_TASK REQUIREMENTS_.
Verbatim output, no pictures: the lines from the beginning of the material through the line with "2015 Toyota Corolla", both ends kept.

_EXERCISE DATA_.
-------

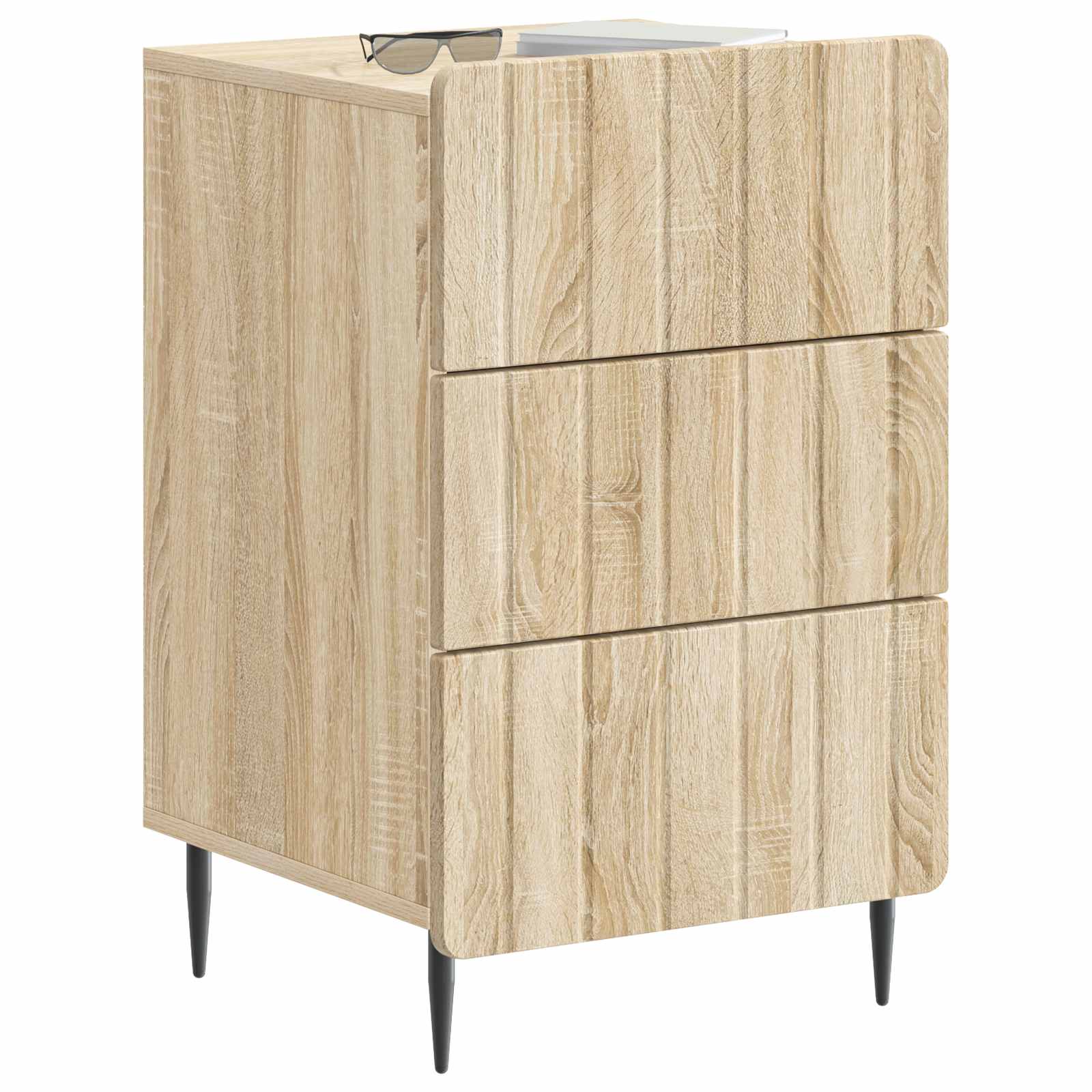Κομοδίνο Sonoma Δρυς 43x 41 x 68 εκ Επεξεργασμένο Ξύλο - Pakobazaar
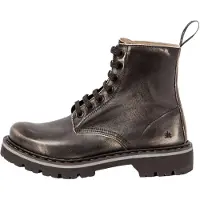 Art unisex. 1116616EH003_001 Bottines en cuir 1166 Marina noir (43), Plat, Lacets, Casuel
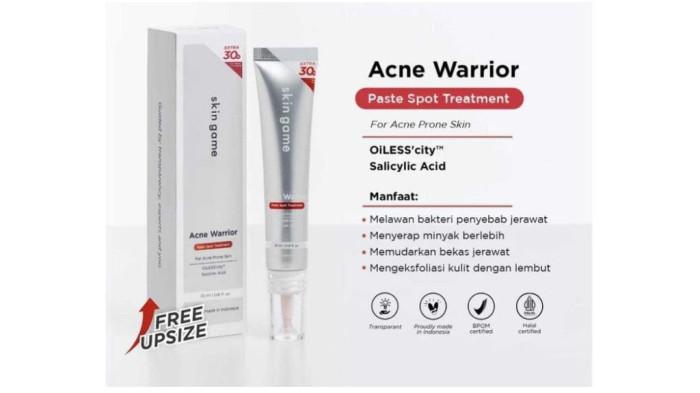 SKIN GAME Acne Warrior Gel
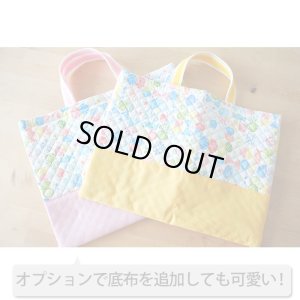 画像7: ●アウトレット サイズ変更不可●リボン＆ちょうちょ ブルー【レッスンバッグ】手作りキット 作り方マニュアル付き 入園入学 手芸キット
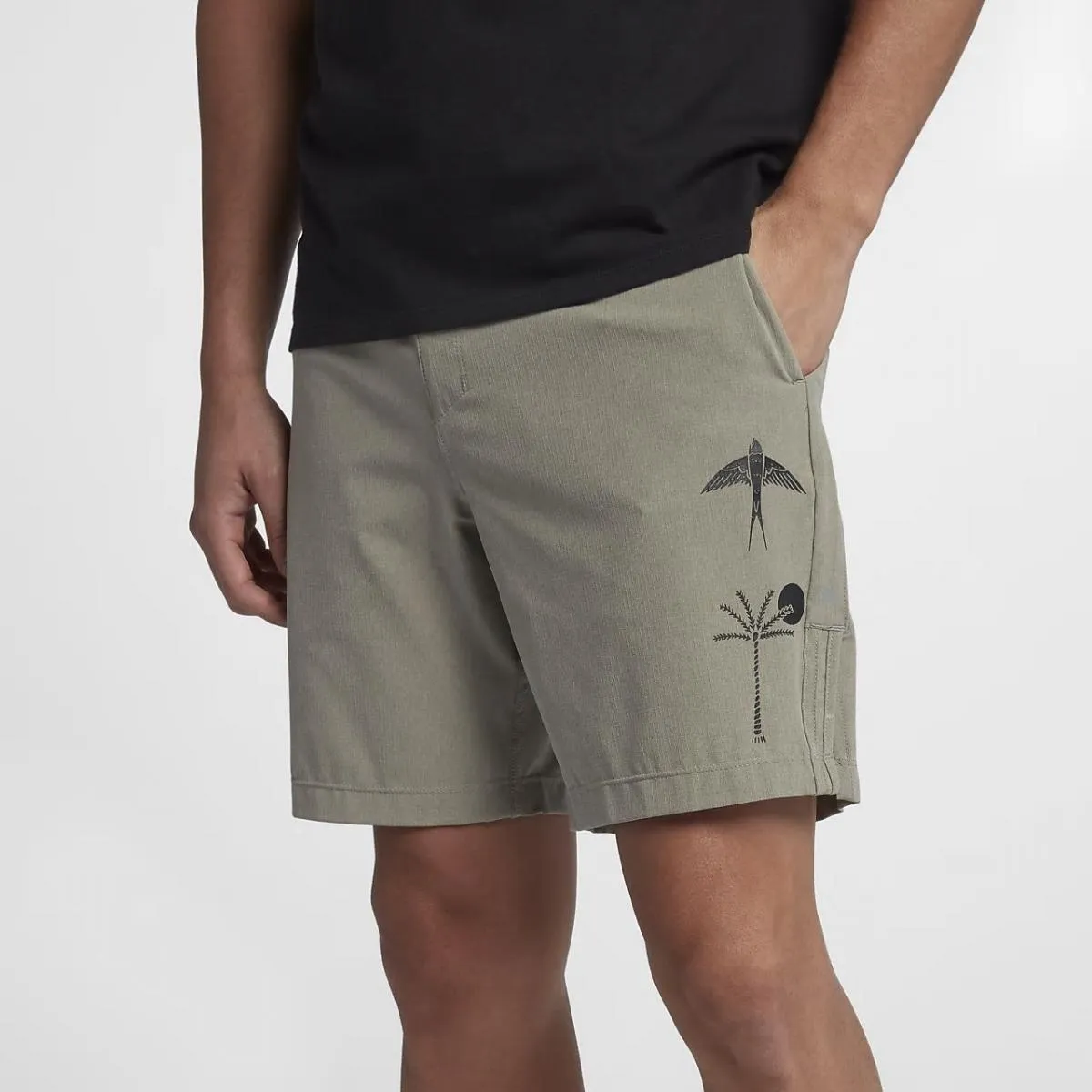 Hurley Alpha Trainer K-38 Short 18" Dark Stucco
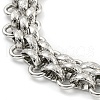Non-Tarnish 304 Stainless Steel Chain Necklaces NJEW-P298-01A-P-2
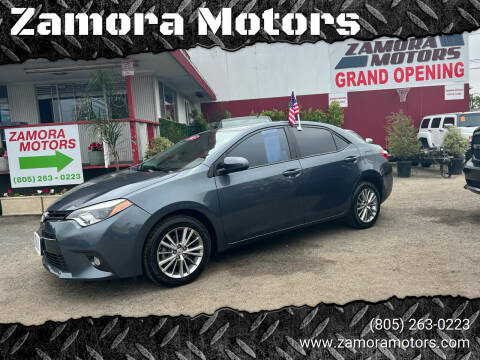 2015 Toyota Corolla for sale at ZAMORA MOTORS SM in Santa Maria CA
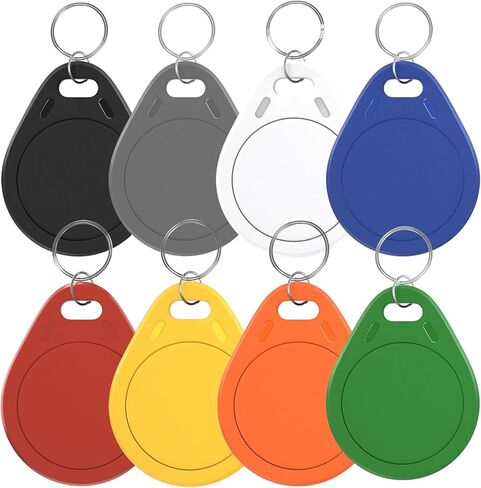 NFC Tags Ntag215 NFC Keytags Black NFC fob Rewritable NFC 215 Tag NFC Business Card Programmable NFC Tag 504 Bytes Memory，Compatible with Android & iPhones (NFCKEYS215-8PCS) in Kuwait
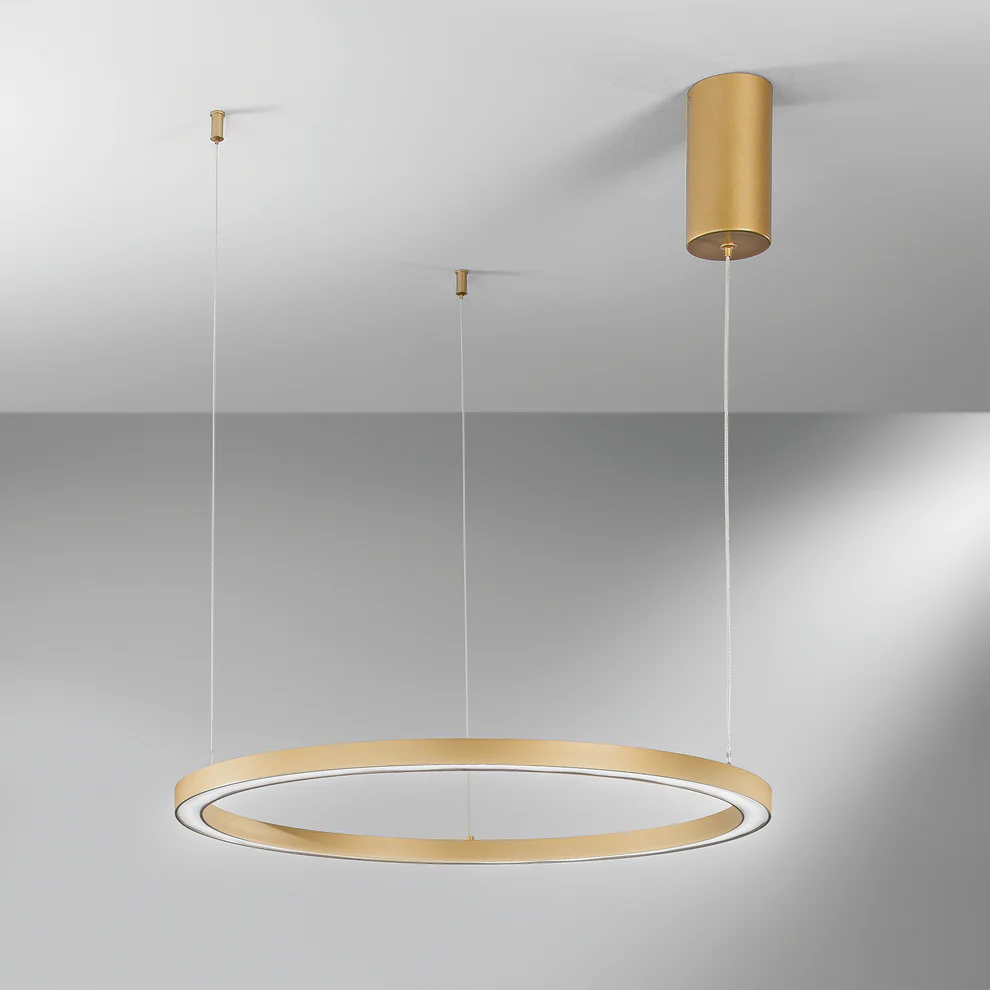 Suspensie moderna LED-HOOP- - dimensiuni 60/80/120 cm - culori alb/negru/auriu [1]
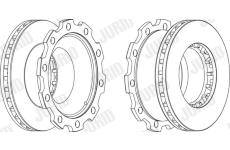 Brzdový kotouč JURID 569144J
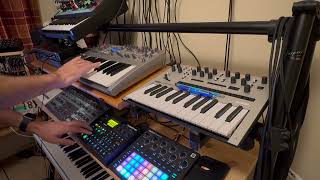 Digitakt Jam with Novation and Moog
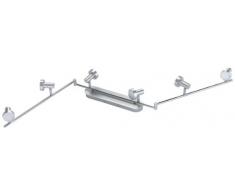 Trio Leuchten LED-Schiene in Aluminium gebürstet, inklusive 6x 5W LED, Länge maximal 150 cm 829310605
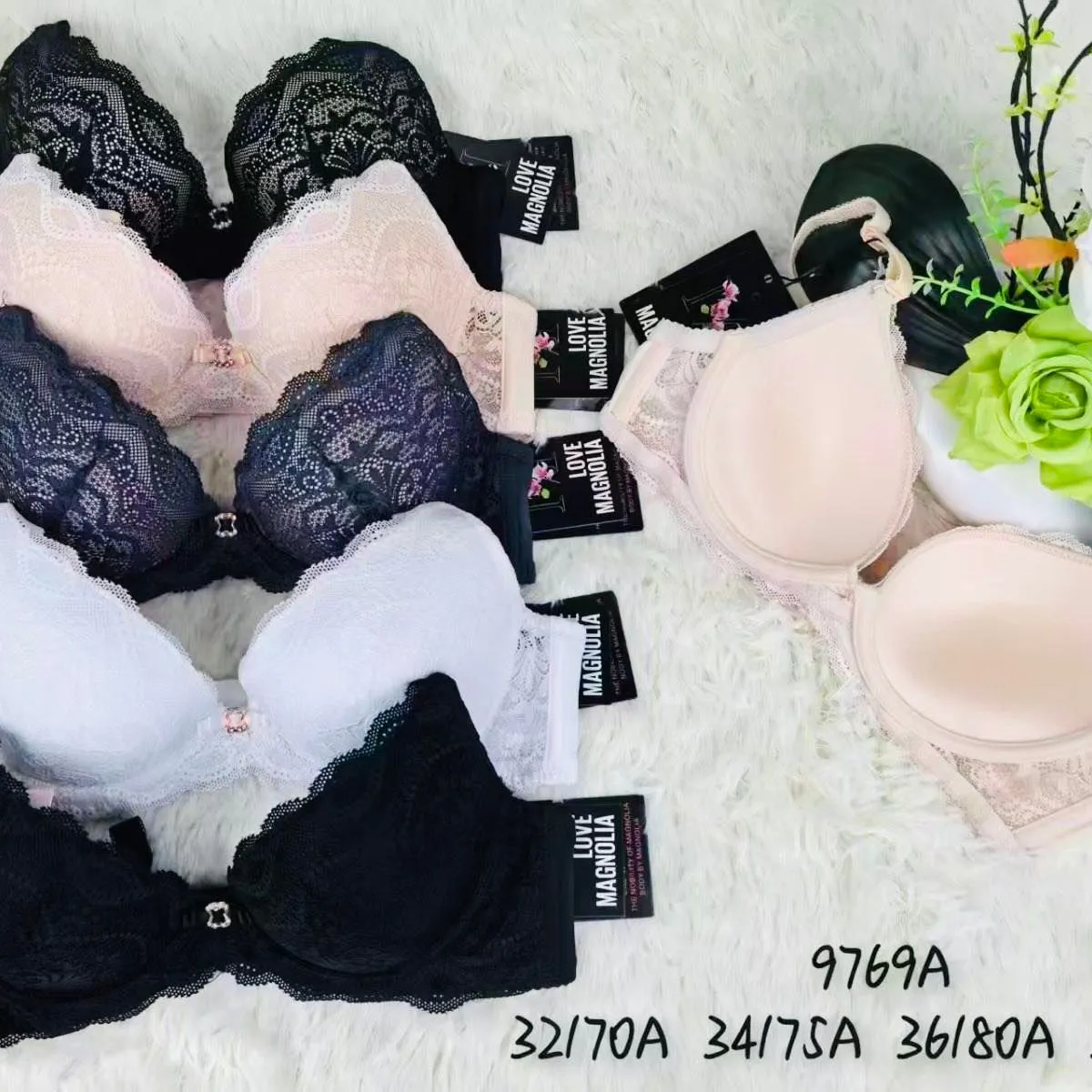 Biustonosz damski koronkowy 32170A 3417A 3680A 3681A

-------

_EXERCISE ANSWER_.
Κομοδίνο Sonoma Δρυς 43x 41 x 68 εκ Επεξεργασμένο Ξύλο - Pakobazaar
 Art unisex. 1116616EH003_001 Bottines en cuir 1166 Marina noir (43), Plat, Lacets, Casuel
 SKIN GAME Acne Warrior Gel
 画像7: ●アウトレット サイズ変更不可●リボン＆ちょうちょ ブルー【レッスンバッグ】手作りキット 作り方マニュアル付き 入園入学 手芸キット
 Hurley Alpha Trainer K-38 Short 18" Dark Stucco
Non-Tarnish 304 Stainless Steel Chain Necklaces NJEW-P298-01A-P-2
 2015 Toyota Corolla for sale at ZAMORA MOTORS SM in Santa Maria CA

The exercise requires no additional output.